Congestion window may grow too slowly #458

WesleyRosenblum · 2021-01-22T03:30:48Z

If the application sends a burst of packets up to the congestion window size, when those packets are acked only the first one or two may result in an increased window as the window during the processing of the later acks will be considered "under utilized". This is because the acks may be processed in a burst before the application is able to send again. The result would be the congestion window increasing only by the MTU despite a full congestion window's worth of data being acknowledged.

The purpose of checking if the congestion window is under utilized before increasing the window is to ensure that we don't increase the window if the current window size has not been "tested" or "validated" by actually sending and acknowledging that many bytes. If we don't have this check, then the application may suddenly send a large amount of data, much larger than had been successfully sent before, and congestion may result. On the other hand, if this check is too strict (as it is now), we will not allow the window to grow fast enough.

See quinn-rs/quinn#975 ("Extra slow slow start")

QUIC WG References

Discuss Application-Limited Sending #1637:

Naively, if this function is called for two different packets in a row, without a corresponding send operation being performed between them, then only the first OnPacketAckedCC ever actually increases congestion_window because the previous call just decremented bytes_in_flight and incremented congestion_window guaranteeing that IsAppLimited() will always return false for future packets.

In a slightly more intelligent interpretation of this, where you actually preform this logic for all the bytes acknowledged in a whole ACK frame in a single call, you can still have the same problem if you end up processing two ACK frames back to back before you end up doing a send.

RFC 7661: Updating TCP to Support Rate-Limited Traffic
Congestion control during application limited state #2554

my read of the Linux code tells me that at ack receipt time, the sender considers itself app-limited if in slow-start and cwnd > 2 x inflight, or if in cong-avoid and cwnd > inflight.

Define "under-utilization" of cwnd #2630

If we need the entire cwnd to be used before increasing it, we lose out on 1 RTT of growth during slow start. Both Windows and Linux TCP compensate for this by doing something like increase it when > 1/2 cwnd is used... we need to write something here that's at least as performant, and not just "when inflight >= cwnd"

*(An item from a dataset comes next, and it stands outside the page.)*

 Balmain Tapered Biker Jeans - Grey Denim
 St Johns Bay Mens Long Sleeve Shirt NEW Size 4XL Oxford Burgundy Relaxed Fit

Good point about the in_flight > 1/2 CWND check in Linux. In BBR, that only applies to the first doubling of IW, and after that it's fully bandwidth based, FWIW.

-Keep an in-flight high watermark, InFlightHigh, that's reset on each CWND change.
-When considering growing the CWND, only let it go as large as InFlightHigh*2.
-Justification for the "*2": it allows base-2 exponential growth, which is the fastest growth we ever want.
EDIT: expire on CWND change might not work. I think InFlightHigh expiry is the hard part here.
Possible expiration events: persistent congestion, ssthresh changes, app idle.

Other Implementsations

Chromium: TcpCubicSenderBytes::IsCwndLimited
- Has a slow start threshold and a congestion avoidance threshold, does not actively track if application limited
Linux TCP: tcp_is_cwnd_limited
- Similar to Chromium
- Maybe related: tcp_cwnd_validate and tcp_cwnd_application_limited
Facebook MVFST updateAppIdleState
- Idle state is updated on the congestion controller based on if the application has any data to send
Quiche update_app_limited
- App limited state updated when application does not have data to send
Quinn app_limited
- Introduces a new app_limited field which caches whether the last poll_transmit attempt couldn't produce data because there was no application data available.

s2n-quic Implementation Options

Track application idle state in the Congestion Controller

Connections express transmission interest. When a connection has a transmission interest, it is added to the waiting for transmissions list in the Connection Container. In the with_connection method of the Connection Container, we could call a new method on the connection that would check for transmission interests and if there are none, tell the Congestion Controller on each path that it is idle. The idle flag would be reset whenever a packet is sent.
This gets a little tricky, as there are several reasons why a non-idle application may not be able to send data (amplification limited, retransmissions only, etc). We'd only want to consider the connection to be application idle if the connection does not want to send anything, regardless of other limitations.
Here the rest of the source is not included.